Directions for this task: For each record below, output its text exactly and skip any picture.

***** Extracted records *****

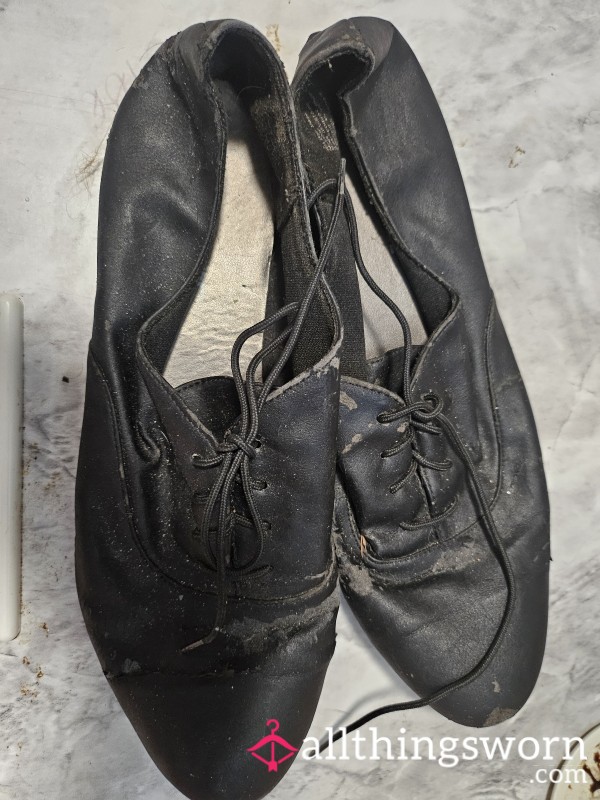 Used *very Well Worn* Black Lace Up Flats
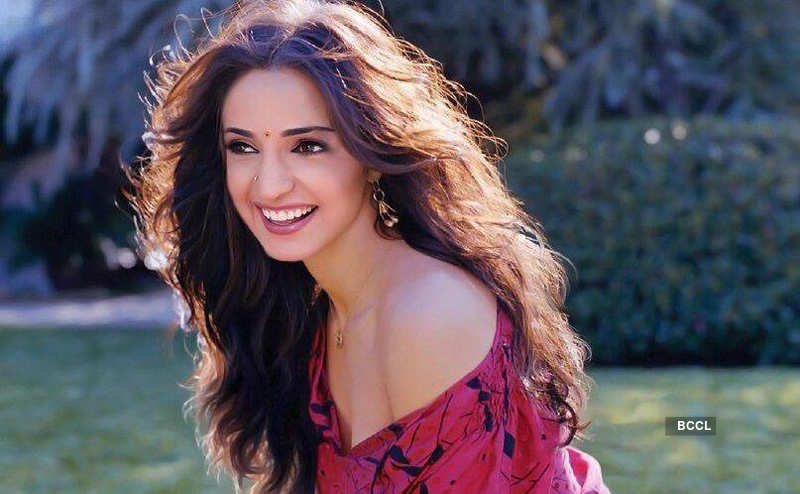 TV actress Sanaya Irani is not used to winning reality shows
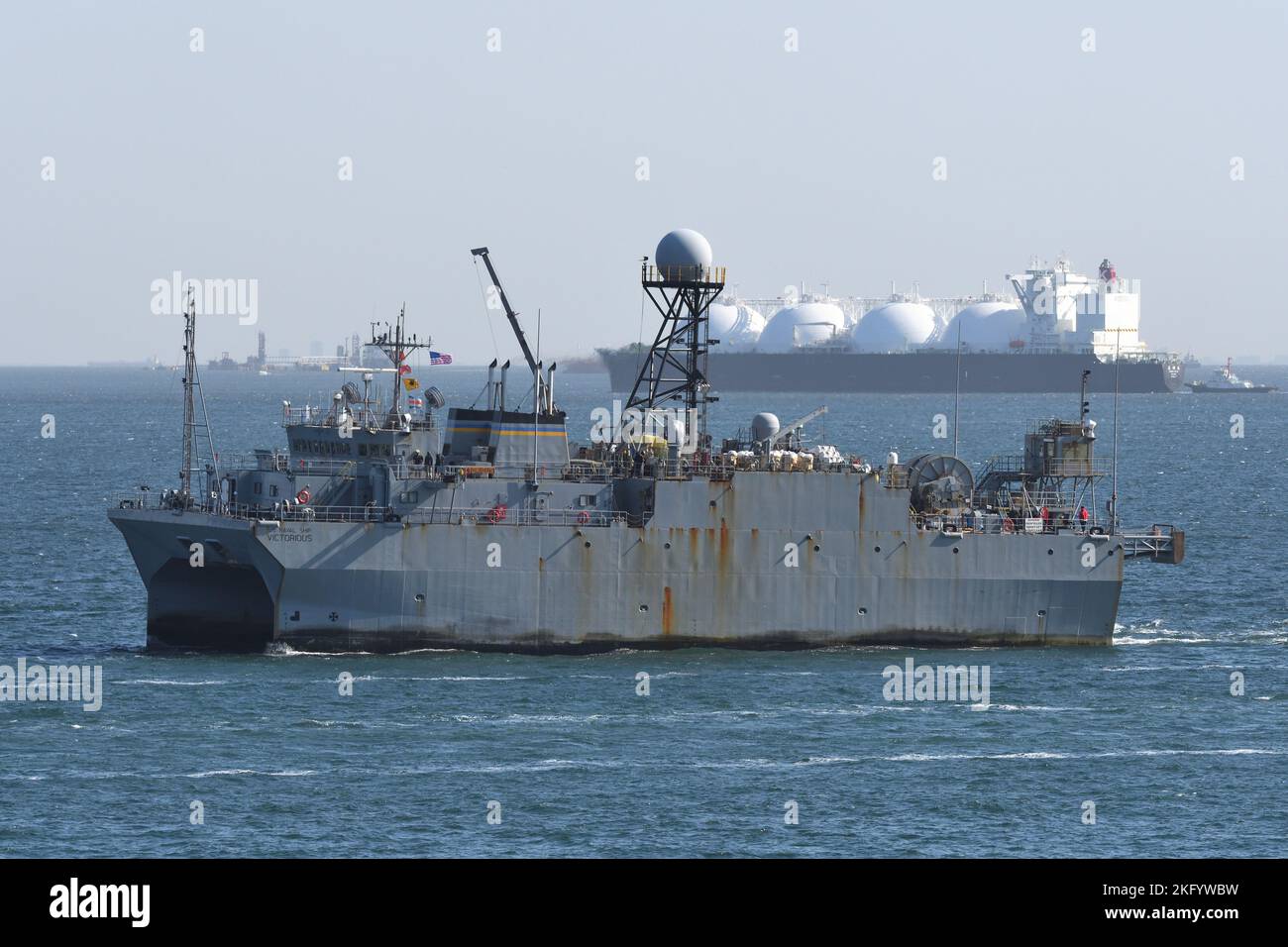 Präfektur Kanagawa, Japan - 23. Februar 2021: United States Navy USNS Victorious (T-AGOS-19), siegreiches Ozeanüberwachungsschiff der Klasse. Stockfoto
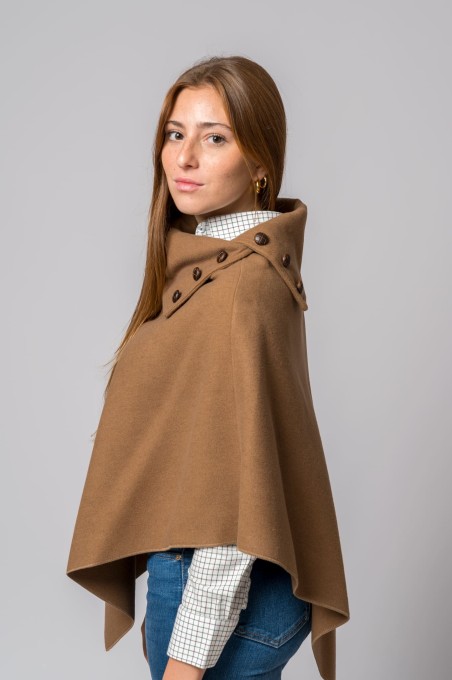 CAMEL MOUFLON CAPE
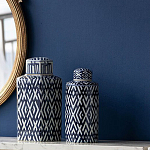 Ваза с крышкой и графическим узором в сине-белых цветах Blue & White Ornament  варинант исполнения - 5 | Loft Concept в Липецке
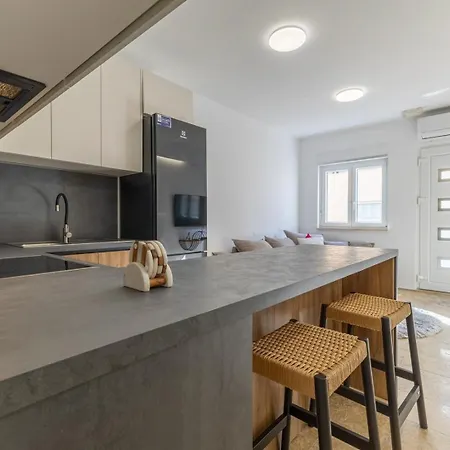 Two-bedroom Viktoria Appartement *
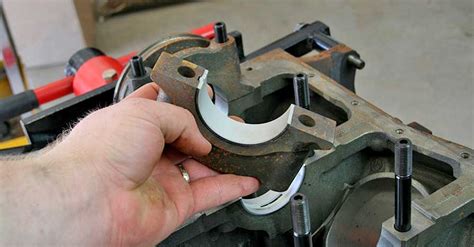 Know-How Notes: How to Measure Engine Bearing Clearance - NAPA Know How ...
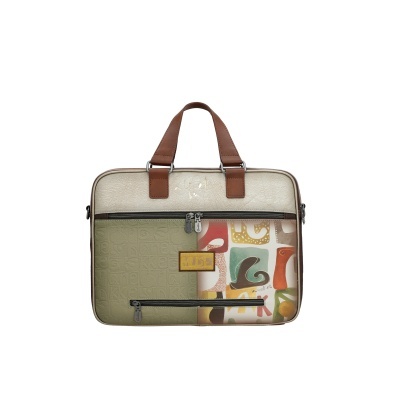 Pasta de mão colorida com padrões geométricos e alças castanhas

*****

Response to this task:
 Used *very Well Worn* Black Lace Up Flats
 TV actress Sanaya Irani is not used to winning reality shows
 Präfektur Kanagawa, Japan - 23. Februar 2021: United States Navy USNS Victorious (T-AGOS-19), siegreiches Ozeanüberwachungsschiff der Klasse. Stockfoto
 CAMEL MOUFLON CAPE
 Ваза с крышкой и графическим узором в сине-белых цветах Blue & White Ornament  варинант исполнения - 5 | Loft Concept в Липецке
 Two-bedroom Viktoria Appartement *
 Know-How Notes: How to Measure Engine Bearing Clearance - NAPA Know How ...
 Pasta de mão colorida com padrões geométricos e alças castanhas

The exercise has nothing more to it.